== DIRECTIONS ==
Copy, word for word, the line containing "Купить NEXEN TT009033" and each line that follows it in the entries below; pictures do not belong in the copy.

== STORED DATA ==
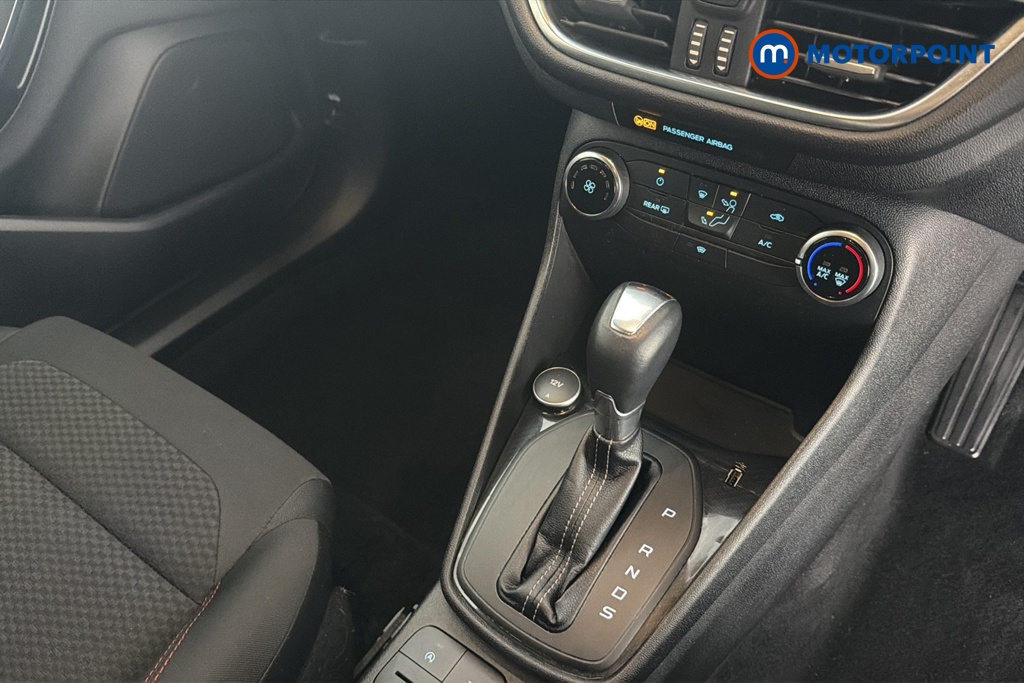 Ford Fiesta St-Line Automatic Petrol Hatchback - Stock Number (1660278) - 15th supplementary image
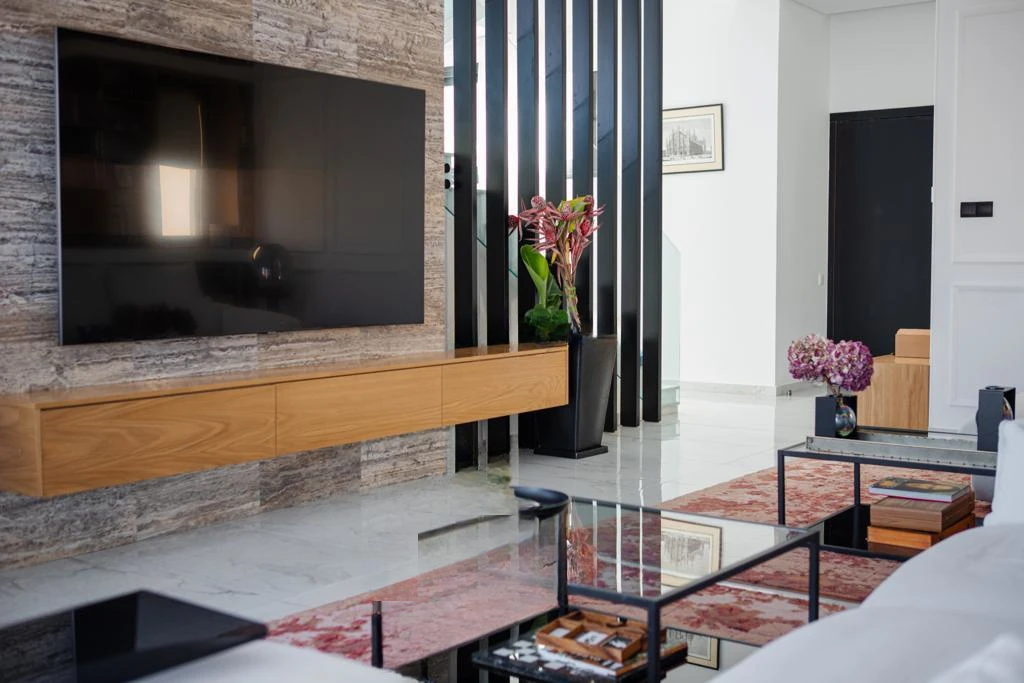 Квартира в Айос-Атанасиосе, Кипр, 440 м² - фото 10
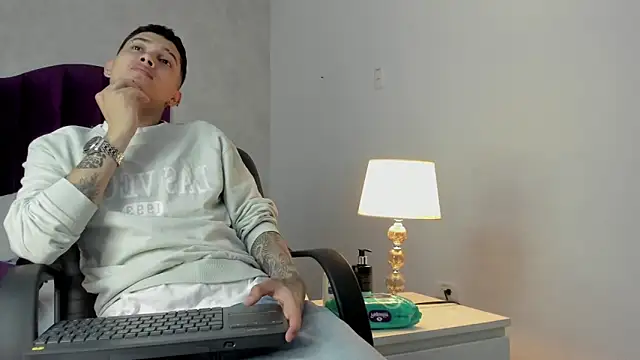 JoshBeech online show from 17, 3, 2026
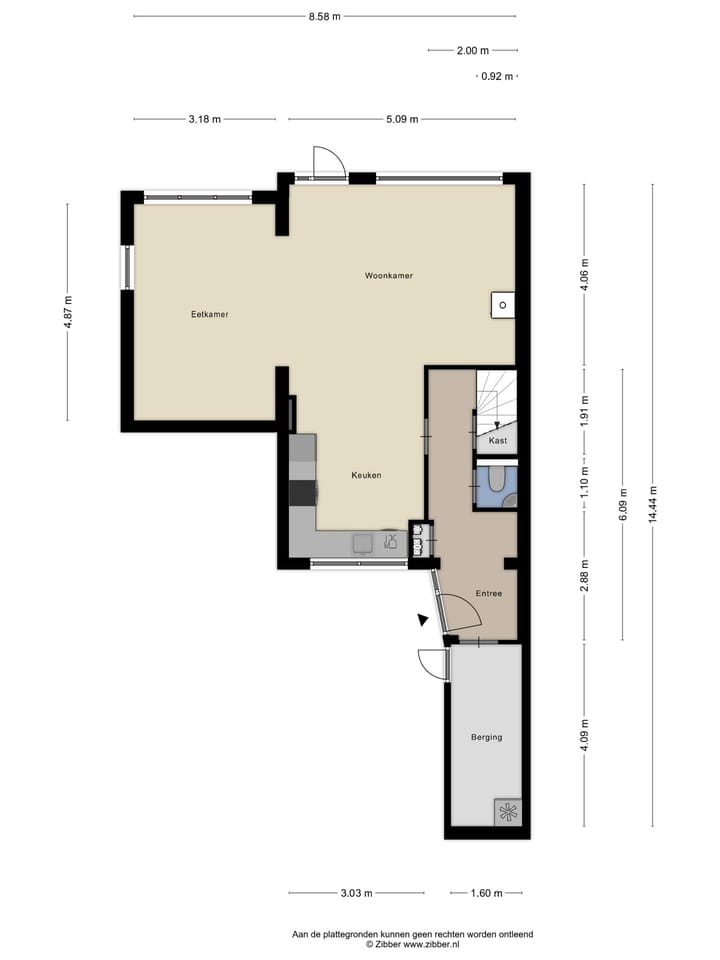 Foto 42 van Pijlhuishorst 1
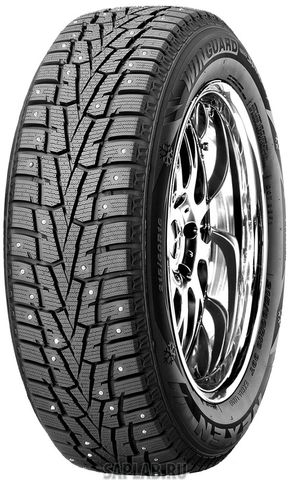 Купить NEXEN TT009033 Шины Nexen Winguard Spike SUV 31/10.5 R15.0 109Q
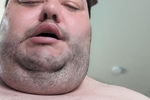 My belly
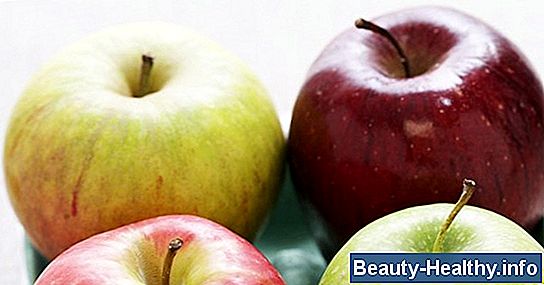 Cómo tomar vinagre de sidra de manzana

== WRITTEN ANSWER ==
 Купить NEXEN TT009033 Шины Nexen Winguard Spike SUV 31/10.5 R15.0 109Q
 My belly
 Cómo tomar vinagre de sidra de manzana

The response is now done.